Whilst the majority of florists we have spoken to are confident of a strong ... if last minute as always ... Christmas trading period, real life wreath workshops are selling fast with customers eager to get back to normal life but in some parts of the UK where tighter restrictions are either in place or likely to increase, florists are continuing to offer pre-packed kits and online tuition.

However dry goods supply is causing a big issue with many wholesalers reporting delays and shortages.

IS Sundries have emailed customers to say baskets will not arrive till mid December and Whittingtons on Covent Garden Market are still waiting for many of their Christmas lines to arrive whilst glassware is at a premium across the board.

Others, like Tom Brown, are taking on more storage space to accommodate higher stock holdings to make sure they can offer a full range for the upcoming peaks but obviously that is a big investment. Over in the States it's a similar story with cold glue and foam products now apparently like gold dust.

However on the container front some enterprising florists are offering a return and re-use idea whereby customers bring back their old containers - sometimes receiving a discount voucher for future purchases. Whilst it can result in some less than wonderful items it can also produce some gems and of course works within the whole recycle/re-use concept which is now very much on trend.

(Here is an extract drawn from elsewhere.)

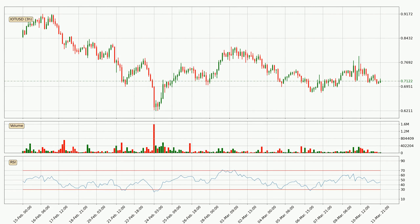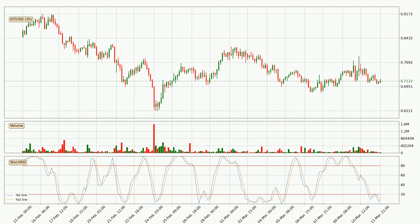Looking at the three-hourly relative strength index, the current three-hourly RSI is at 46, so there are currently no signs of the crypto being overbought or oversold. Looking at the three-hourly stochastic RSI, the crypto appears oversold because the %K and %D lines are in the lower region. A change in trend can be expected, or for the crypto to remain at least stable for some time. However, the %K line still hasn't crossed the %D line, so it should be waited to see if the trend will actually change to the upside.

Flower prices continue to remain high and volumes low as big box companies scoop up production and even buy farms to ensure supply. With air freight at a premium this puts even greater pressure on the market, not helped by rising gas prices; increases that are making some growers in Holland and Poland seriously consider the viability of continuing production.

If they do pull out that will create yet more shortages and price rises so, as always, The Florist Magazine's advice is to;

  • monitor and review costs on a fortnightly basis to make sure you retain margin and profit

  • order early if you can get fixed prices - although we know not everyone is willing to offer these at the moment

  • keep your Christmas collections tight in terms of number and flower selection

  • keep up the marketing even if customers aren't biting just yet ... you want to be the order point when they do

  • make sure you have a clear substitution policy.

However as our Editor says, rather than putting a substitution policy in small type and being embarrassed about it, take ownership of it.

Make it big and bold and use it as a positive message that as a professional you will only use what is best for the customer and that to create the best experience you'd rather use something different than give a second rate service. Not only does it show you care but that you know what you're doing!